** Opening SUPPLIED INFORMATION block **

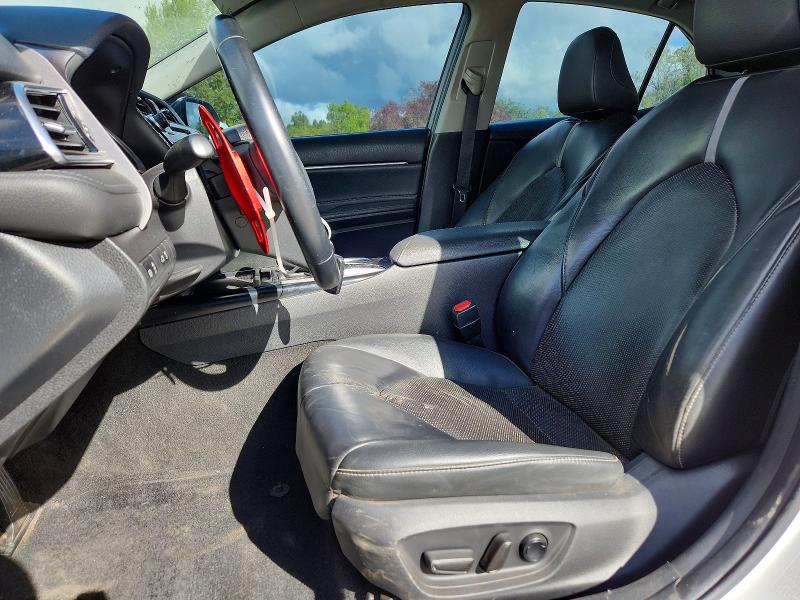 56819126 :رقم المزاد ، 4T1B61HK7JU056378 vin ، 2018 Toyota Camry مزاد بيع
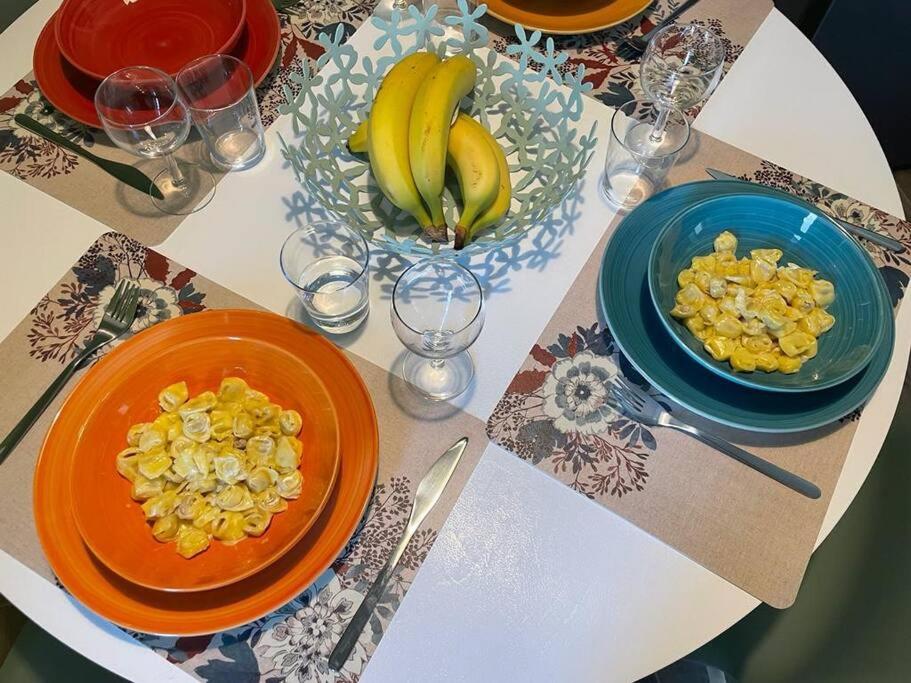 波隆那的住宿－Casa Bonita Bolognina，一张桌子,上面放着两盘食物和香蕉
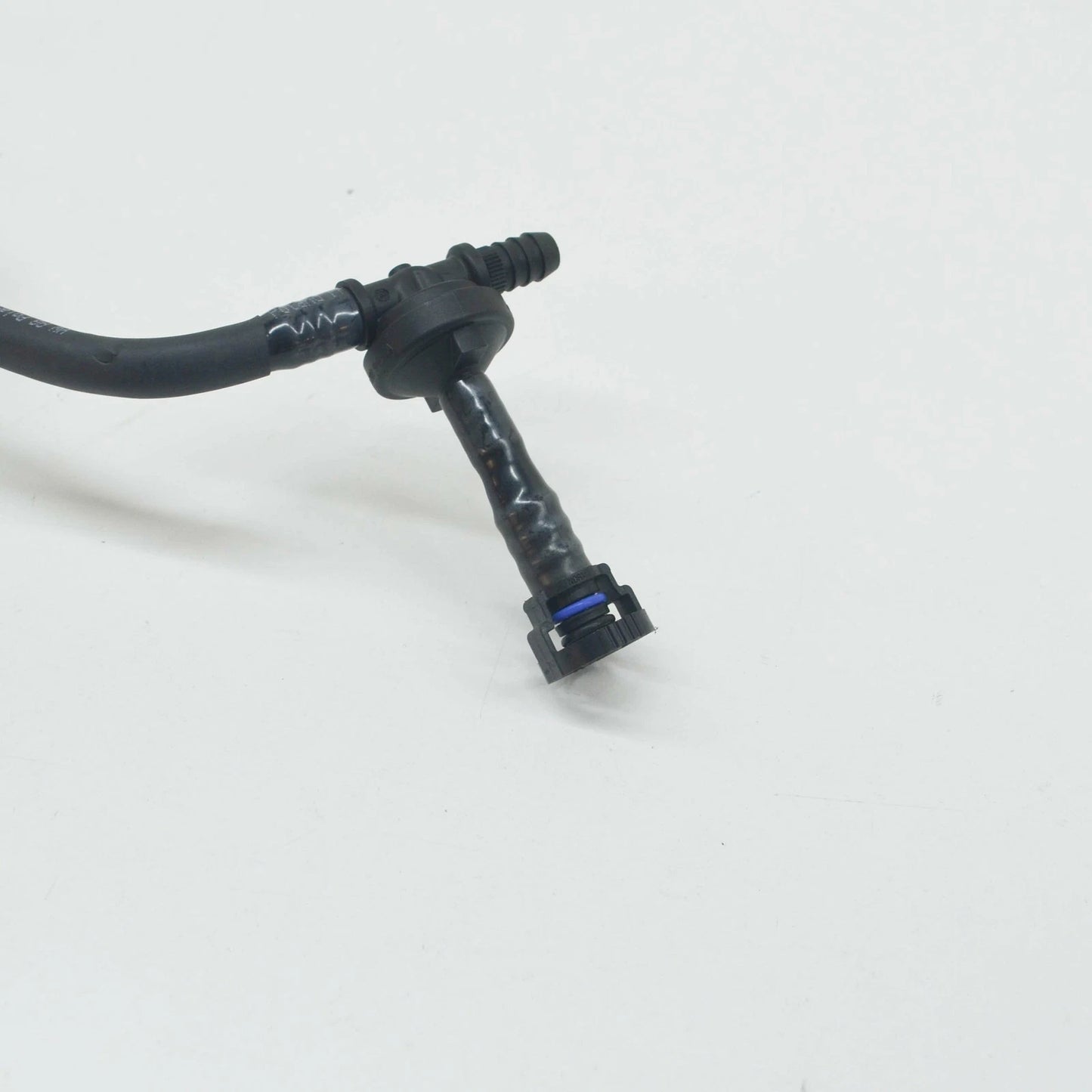 NEW AUDI A5 8W6 VACUUM SYSTEM CONNECTING TUBE WITH AKF VALVE 06M133240CG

** Closing SUPPLIED INFORMATION block **

• DESCRIPTION OF THE TASK:
Omitting all pictures, set the listing down exactly.

• REPLY:
 56819126 :رقم المزاد ، 4T1B61HK7JU056378 vin ، 2018 Toyota Camry مزاد بيع
 波隆那的住宿－Casa Bonita Bolognina，一张桌子,上面放着两盘食物和香蕉
 NEW AUDI A5 8W6 VACUUM SYSTEM CONNECTING TUBE WITH AKF VALVE 06M133240CG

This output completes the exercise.